UD for Malayalam
Tokenization and Word Segmentation
- In general, words are delimited by whitespace characters or punctuations.
- Multiword tokens are relatively common in Malayalam. In the following situations, we understand orthographic tokens
as corresponding to multiple syntactic words and split them:
- The copula ആക് / āk “to be” is written as a suffix of the nominal/adjectival predicate. However, sometimes it is suffixed to another word in the clause, indicating that it is a clitic rather than a derivational morpheme that would derive a verb from a noun/adjective.
- The quotative particle or the complimentizer എന്ന് / enn “that” usually occurs as a suffix of the verb or the copula. Given that we split the copula as a syntactic word, we split the complementizer as well. (Also, it increases parallelism with languages where complementizers are independent words, and avoids having to define a language-specific feature for verb with complementizer.)
- The coordinating clitics -ഉം / -um and -ഓ / -ō are written together with conjuncts but analyzed as separate syntactic words.
- In orthography sometimes the object and the verb of a sentence occur as a multiword token.
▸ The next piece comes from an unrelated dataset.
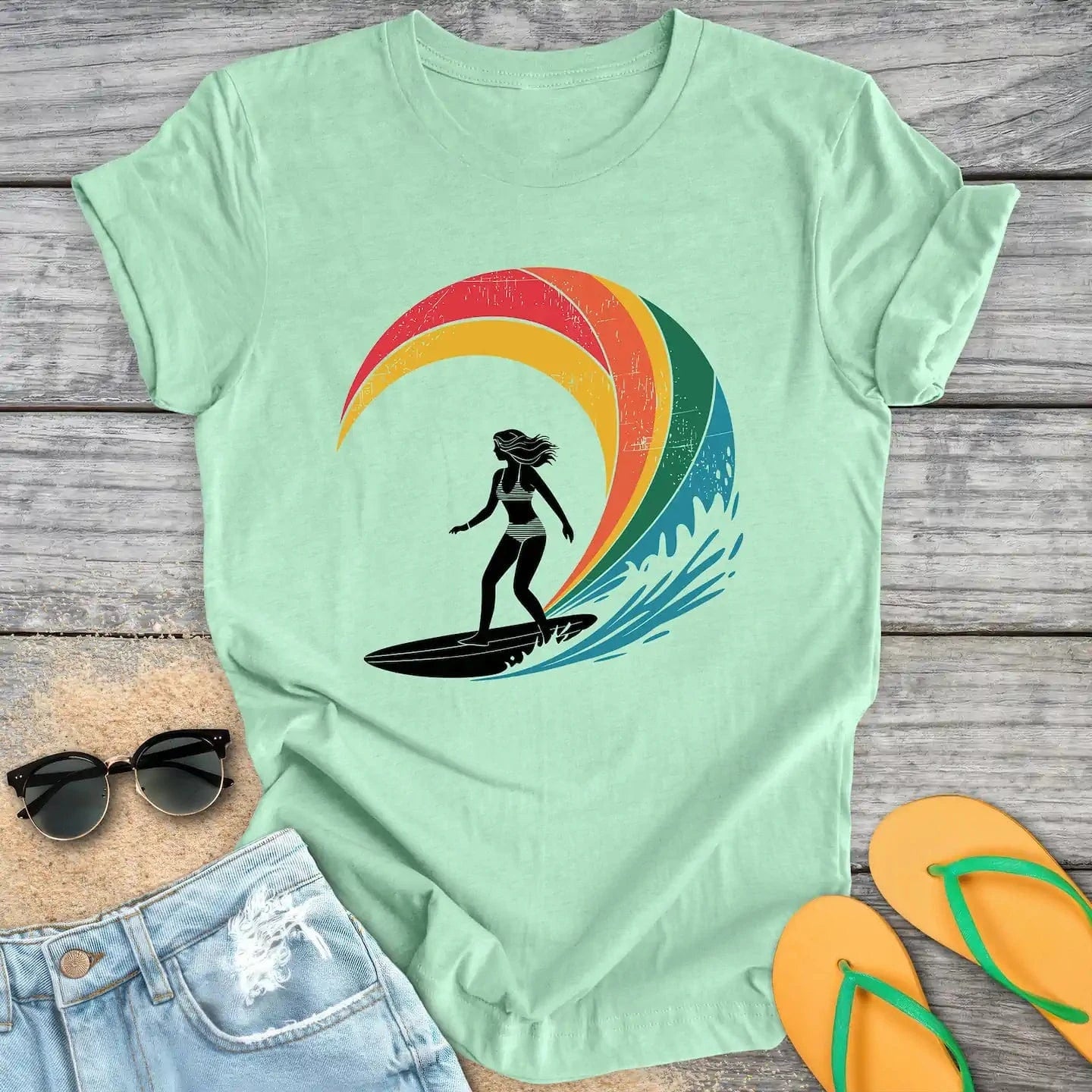 Surfer Girl Vintage Wave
For example, in the sentence പെൺകുട്ടി തന്റെ സുഹൃത്തിന് കത്തെഴുതി. / peṇkuṭṭi tanṟe suhr̥ttin katteḻuti. “The girl wrote a letter to her friend.”, കത്ത് / katt “letter” and എഴുതി / eḻuti ”wrote” occur as a multiword token and are split.
- There are letters that can be encoded in multiple ways, even after standard Unicode normalization (NFC), which is
required in UD.
- The viram sign, used across Indic scripts to cancel the vowel (a or schwa) inherently present in a consonant character, may in Malayalam actually result in a half vowel ŭ, especially at the end of a word. To signal that there is really no vowel, some consonants in the Malayalam script have so-called chillu variants, which have their own Unicode position. However, there is an older alternative of signalling that the chillu glyph should be rendered: using the standard code of the consonant, followed by a viram (U+0D4D) and a zero width joiner (U+200D). For example, കമ്യൂണിക്കേഷന്സ് / kamyūṇikkēṣans “communications”, has a viram and a zero width joiner between ന / na and സ / sa. Without these two characters, but using chillu na (U+0D7B) instead of na (U+0D28), the resulting glyphs should look the same: കമ്യൂണിക്കേഷൻസ്. On the other hand, with the standard na, viram, and without the zero width joiner, the string will look different: കമ്യൂണിക്കേഷന്സ്. When annotating text that originally used the zero width joiner, we normalize the text to the encoding that uses the chillu letters, provided the corresponding chillu letter exists. If the viram and zero width joiner follow a consonant that lacks the corresponding chillu letter, the string is left as is.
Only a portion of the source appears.